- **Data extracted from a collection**
=== Section Start ===

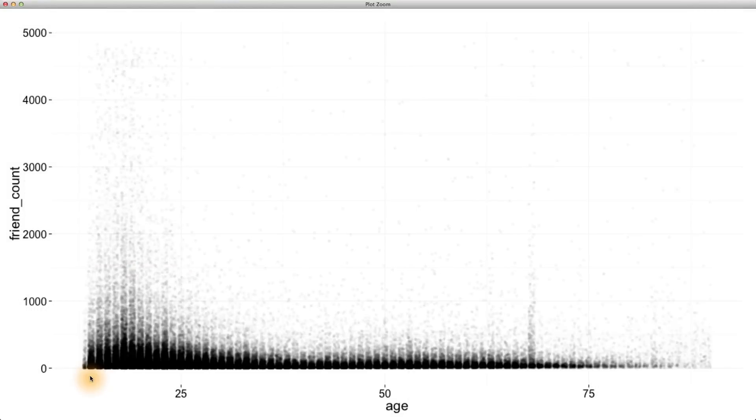What stands out to you in this new plot? Keep in mind that the alpha is set to 1 20th, or 0.05.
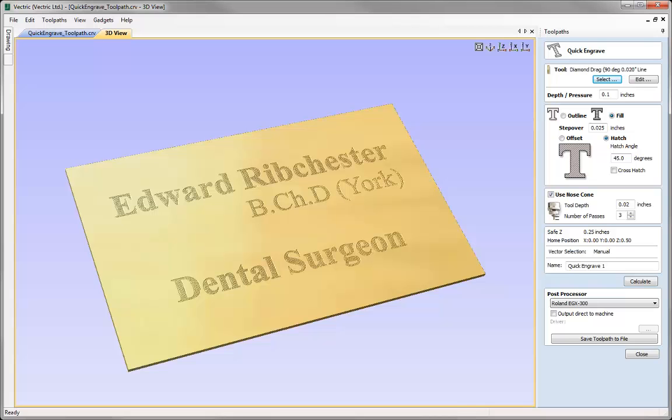In this tutorial we take a look at using the quick engrave toolpath whilst using some specialist tools which are spring loaded so that we can then engrave over different, uneven surfaces.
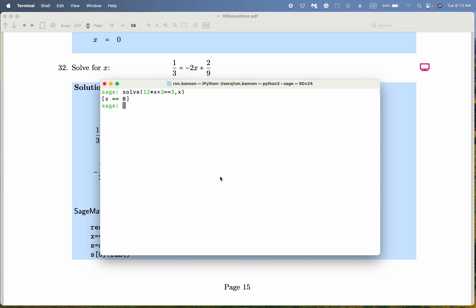We're on problem number 32, and I want to solve the equation. So solve — it looks like 1 third, that's 1 divided by 3. The double equal sign indicates an equation; it's a conditional equation, and it's minus 2 star x plus 2 divided by 9. We're solving for x.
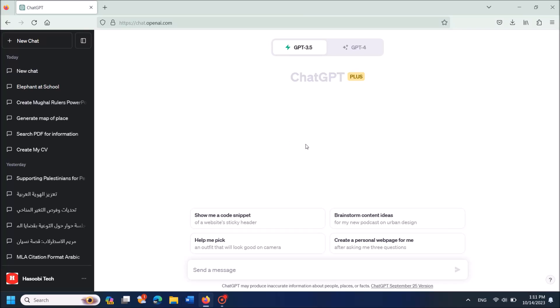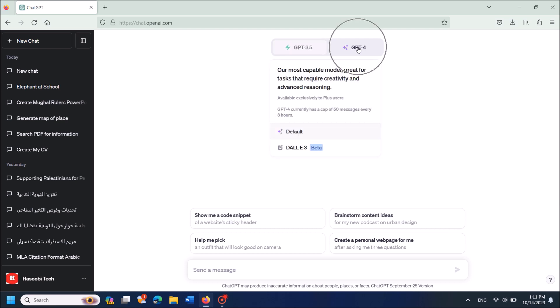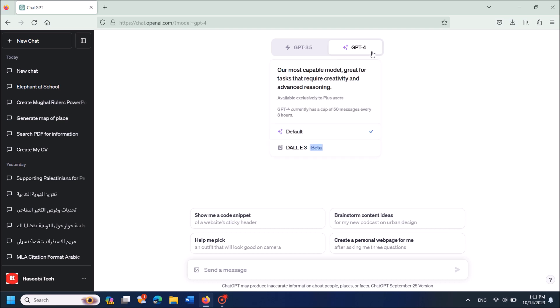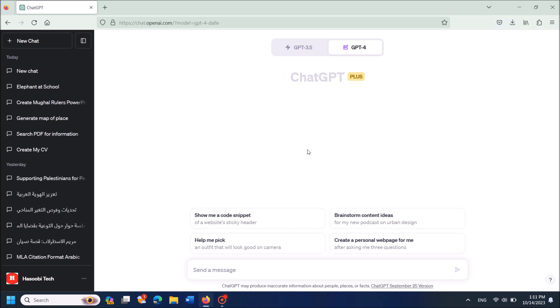To create images in your imagination using ChatGPT, follow these steps. First, select GPT-4 and put your mouse over the GPT-4 option. From the options, click on DALL-E 3 Beta and select it. Now enter your prompt.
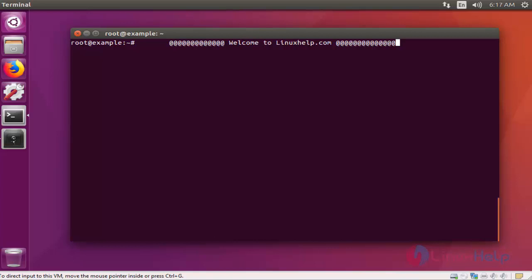Hello everybody, welcome to Linuxhelp.com. In this video I am going to show how to install Yarock music player on Ubuntu 16.04 machine.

=== Section End ===

- **Aim of the exercise**
In your copy, include no pictures, but reproduce all records exactly.

- **Answer for the task**
What stands out to you in this new plot? Keep in mind that the alpha is set to 1 20th, or 0.05.
In this tutorial we take a look at using the quick engrave toolpath whilst using some specialist tools which are spring loaded so that we can then engrave over different, uneven surfaces.
We're on problem number 32, and I want to solve the equation. So solve — it looks like 1 third, that's 1 divided by 3. The double equal sign indicates an equation; it's a conditional equation, and it's minus 2 star x plus 2 divided by 9. We're solving for x.
To create images in your imagination using ChatGPT, follow these steps. First, select GPT-4 and put your mouse over the GPT-4 option. From the options, click on DALL-E 3 Beta and select it. Now enter your prompt.
Hello everybody, welcome to Linuxhelp.com. In this video I am going to show how to install Yarock music player on Ubuntu 16.04 machine.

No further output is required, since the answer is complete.